Oil vacuum cleaner developed for spill-affected shorelines

The MOSE (Mechanical Oil spill Sanitation Equipment) oil spill vacuum

The Deepwater Horizon oil spill earlier this year prompted many researchers to concentrate their efforts on developing better ways to clean up oil after such disasters.

We’ve looked at approaches such as autonomous robots andunderwater separators to collect the oil while it is still at sea, but students at the Norwegian University of Science and Technology (NTNU) have developed a novel approach to dealing with the oil once it winds up on shore – a vacuum cleaner.

Currently, cleaning up oil from the shoreline usually involves soaking up the oil with an absorbent material, such as bark or peat moss. Workers then have to remove the heavy, oil-soaked material and the remaining oil residue may have to be scrubbed off rocks.

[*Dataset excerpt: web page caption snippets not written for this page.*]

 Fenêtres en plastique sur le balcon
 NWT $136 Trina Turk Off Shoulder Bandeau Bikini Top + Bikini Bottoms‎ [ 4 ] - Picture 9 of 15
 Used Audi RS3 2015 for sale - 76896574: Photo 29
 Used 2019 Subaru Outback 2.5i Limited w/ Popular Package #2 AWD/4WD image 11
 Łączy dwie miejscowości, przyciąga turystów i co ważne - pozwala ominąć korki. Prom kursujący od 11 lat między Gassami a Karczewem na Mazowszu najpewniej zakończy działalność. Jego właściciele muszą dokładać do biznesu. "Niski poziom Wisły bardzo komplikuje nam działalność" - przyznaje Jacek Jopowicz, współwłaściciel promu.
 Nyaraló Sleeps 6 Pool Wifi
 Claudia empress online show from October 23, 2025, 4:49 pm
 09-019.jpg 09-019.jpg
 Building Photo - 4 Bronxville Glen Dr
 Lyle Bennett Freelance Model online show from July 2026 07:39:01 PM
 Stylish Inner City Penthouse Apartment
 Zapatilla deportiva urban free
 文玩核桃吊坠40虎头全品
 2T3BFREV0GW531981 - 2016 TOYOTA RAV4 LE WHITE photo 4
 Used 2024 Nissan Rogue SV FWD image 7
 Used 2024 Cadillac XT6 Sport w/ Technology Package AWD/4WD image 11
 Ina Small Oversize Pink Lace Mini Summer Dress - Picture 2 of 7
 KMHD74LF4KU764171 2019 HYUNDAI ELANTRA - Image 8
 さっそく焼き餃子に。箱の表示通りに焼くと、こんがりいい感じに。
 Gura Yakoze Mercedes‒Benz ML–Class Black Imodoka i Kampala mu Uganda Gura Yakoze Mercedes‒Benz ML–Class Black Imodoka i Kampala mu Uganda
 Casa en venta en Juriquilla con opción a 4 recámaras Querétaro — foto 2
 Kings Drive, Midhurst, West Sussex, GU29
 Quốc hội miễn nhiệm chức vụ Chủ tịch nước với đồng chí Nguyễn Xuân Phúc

To automate this arduous task the NTNU students developed a new kind of vacuum cleaner called MOSE (Mechanical Oil spill Sanitation Equipment) that blows bark or other absorbent materials onto oil spills, and then sucks the material up again. Its developers say it is four times more efficient in cleaning up after oil accidents than conventional techniques.

After the machine sprays the absorbent material onto the spill, rotating brushes work the oil and the absorbent material together. Once they are thoroughly mixed, the direction of the rotating brushes is reversed and the material is sucked up using a portable compressor/vacuum pump while the rocks are simultaneously scrubbed.